The technology used in an attempt to find out whether a second passage tomb, which may also be aligned with a solstice event, exists at Newgrange had proved its worth during experimentation by a Slovakian team of scientists who visited the Boyne Valley, an Irish archaeologist said this week.
Dr Conor Brady, archaeologist and lecturer at Dundalk Institute of Technology, who lives at Slane, said that while there would be no "dramatic announcements" about discovery of a second chamber at Newgrange at this stage, the microgravitational technology used in the experiments had proven valuable to archaeologists and scientists.
The possibility that Newgrange could have a second passage tomb, which may also be aligned with a solstice event, was being explored by a team of Irish and Slovakians archaeologists using ground-breaking technology.
Already part of the Brú na Bóinne World Heritage Site, Newgrange is one of the most popular tourist attractions in Ireland and if a second chamber was uncovered it would add to its already global iconic status.
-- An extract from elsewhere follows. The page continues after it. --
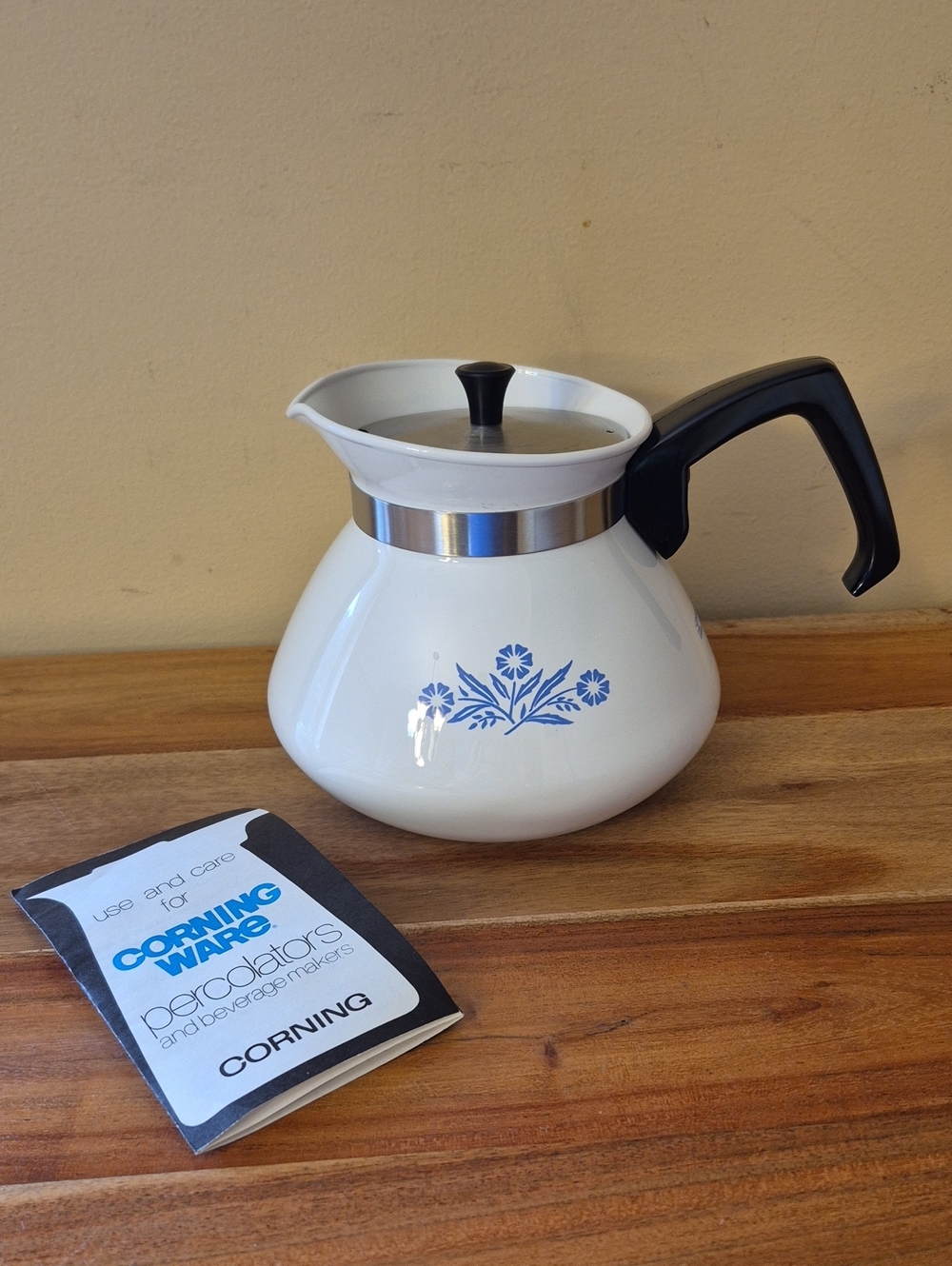Vintage CorningWare White Blue Floral Percolator Coffee Pot with Lid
Newgrange is synonymous with sunrise on the winter solstice but the possibility that it has another as yet unknown chamber is not being ruled out.
Dr Brady said this week that while the weather conditions encountered by the team at Newgrange created difficulty in the use of the highly-sensitive equipment, it had nevertheless shown that "it works".
The purpose of the microgravitational equipment was to detect underground cavities. The microgravity meter responds to variations in density in the ground beneath it.